Scary Stories to Tell in the Dark
PG-13 horror movies can be hit or miss. Too often the attempt at R-rated edginess falters under watered-down pandering to a younger audience: Think the final scene of “The Visit,” which features one of the young protagonists rapping about the horror he just survived. “Scary Stories to Tell in the Dark” is the exception to this rule, with the film avoiding the usual pitfalls of being a PG-13 movie in the horror genre. It’s a kid’s horror movie and book adaptation — two elements so easy to get wrong — but within its glorious, trope-ridden goofiness are genuine scares that sustain the frightening spirit of the original stories.

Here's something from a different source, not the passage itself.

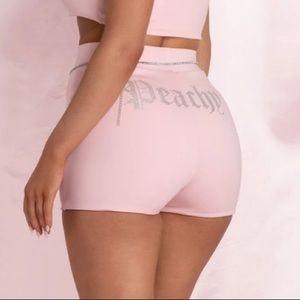 Y2K PEACHY SHORTS - “MOLLY” ✨🦋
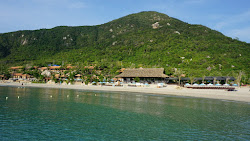 Foto von Ninh Hoa Beach von Klippen umgeben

The film, directed by André Øvredal and co-written and produced by Guillermo del Toro, is based on Alvin Schwartz’s horror series of the same name. The anthologies of folk–horror tales, typically a staple of elementary school libraries since 1981, utilize Stephen Gammell’s nightmarish charcoal illustrations throughout the stories. The film places several short stories, like “The Wendigo” and “Me Tie Dough-ty Walker,” within a larger narrative set in the small town of Mill Valley, Pennsylvania. Local teens Stella Nicholls (Zoe Margaret Colletti), Auggie Hilderbrandt (Gabriel Rush), Chuck Steinberg (Austin Zajur) and newcomer to the town Ramón Morales (Michael Garza) accidentally unleash the ghost of Sarah Bellows, whose famous horror stories come to life and pick off local children one by one.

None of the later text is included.